‘Miners’ Wives Organize to Win Strike and Save the Union’ by Rebecca Grecht from Labor Unity. Vol. 2 No. 5. June, 1928.

‘Miners’ Wives Organize to Win Strike and Save the Union’ by Rebecca Grecht from Labor Unity. Vol. 2 No. 5. June, 1928.

ONE of the most outstanding features of the miners’ strike in the bituminous coal fields of Pennsylvania, Ohio and other states is the remarkable awakening of the wives and daughters of the miners, the rising wave of organization and activity which is sweeping over the women in the strike districts.

It is true that there have been instances of splendid action by miners’ wives in past strikes. Women in the mining camps have always had a certain reputation for militancy and courage. But at no time before have they participated in strike action on such a scale as today, nor have they ever before taken so keen an interest in the strike and in the union, or been so purposeful and determined in their organization.

A new era is unfolding for the women in the coal fields: an era in which they begin to see that their tasks as wives and mothers do not remove them from the struggles of their men, but place greater responsibility upon them, calling them to participate actively in the fight.

Women who had never before taken direct part in strikes, waiting merely as onlookers, almost, until some settlement was reached, are today engaging in relief work and joining their men in mass picketing. Women who had seldom talked to more than two or three neighbors at a time, are going from camp to camp, organizing the women in them, speaking at meetings.

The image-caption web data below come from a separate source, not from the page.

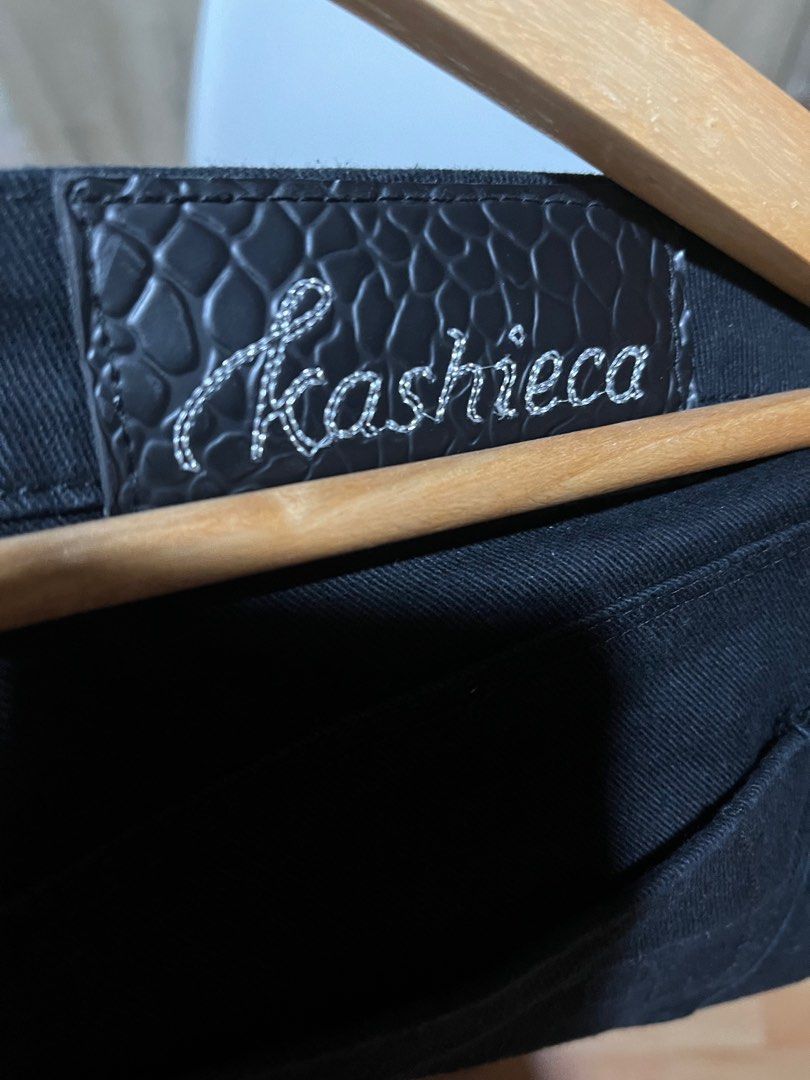Kashieca Low Rise Skinny Jeans (Category: Jeans) located in Antipolo. Submitted by p0123 (Listing ID 1377165608, Image 2). Description: -Original -Well used, has signs of wear and tear but still in good condition -Barely used -Pm me for more details -Sf shouldered by buyer.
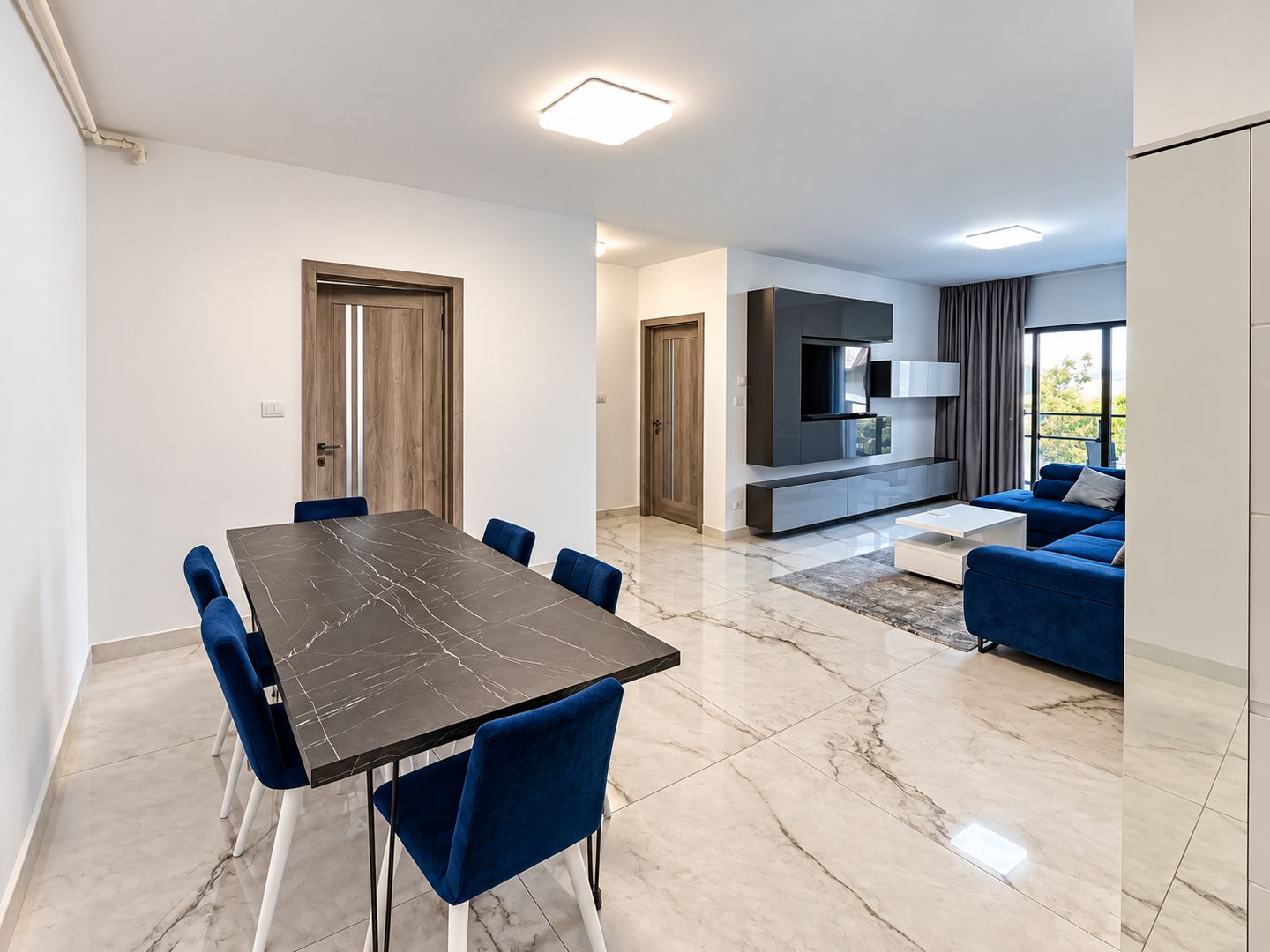 Apartament 2 camere central de inchiriat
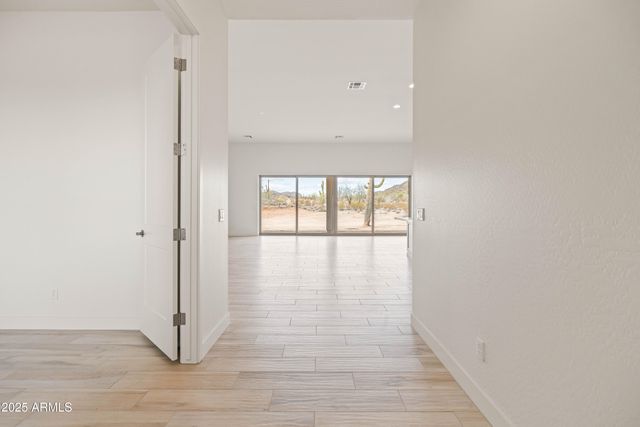 9248 W LIMESTONE MOUNTAIN Drive, Casa Grande, AZ 85194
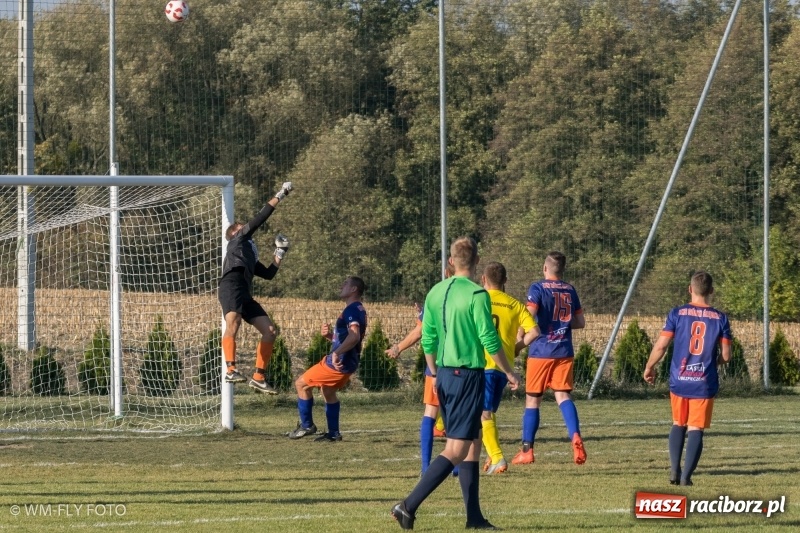 Zdjęcie w galerii na portalu naszraciborz.pl: Strzelanie rozpoczęli dopiero po przerwie. Adamowice pokonały Górki Śląskie wiadomości z regionu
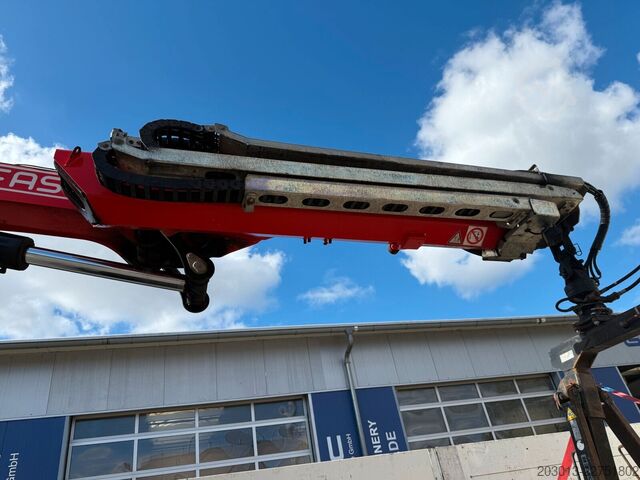 Flatbed truck MAN TGX 26.470 Euro 6 Abrollkipper mit Ladekran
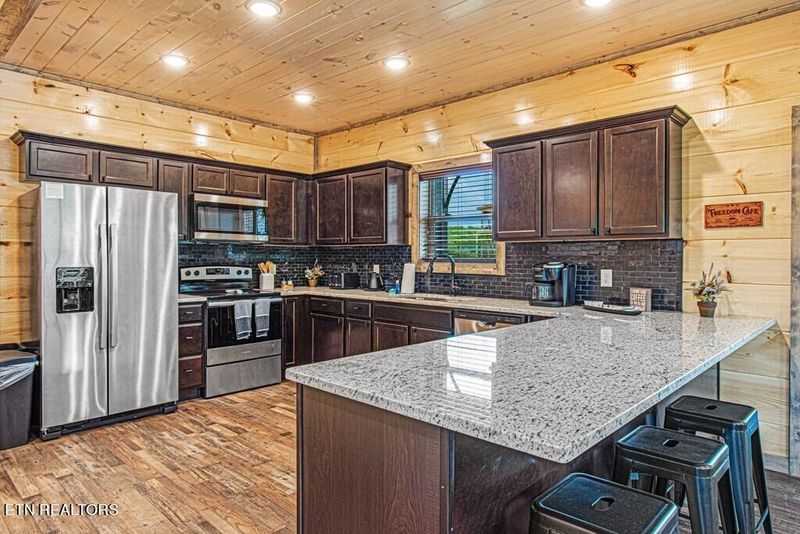 242 Lily Jo Way, Sevierville, TN 37876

Women who had never before concerned themselves with strike issues and problems and had bothered little about differences between right wing and left wing, progressives and reactionaries, are demanding information and explanation, taking their position with the progressives, fighting for their policies against the treacherous, corrupt bureaucracy in the union.

This is not an accident. For over a year, these women have been heroically enduring the most terrible hardships they have ever experienced.

The women’s fight against starvation, evictions, terrorism by state troopers and coal and iron police, the sight of their children, ill-clad and undernourished, all this has stirred them profoundly, roused them to action to defend their men and their little ones, as well as themselves.

As month after month has gone by, the increasing hunger and terrorization and continuous betrayals by the reactionary leaders of the United Mine Workers of America has made the women in the mining camps realize that the disastrous policies of the Lewis machine are bringing starvation to their doors and destroying the chance for decent home conditions for themselves and their families.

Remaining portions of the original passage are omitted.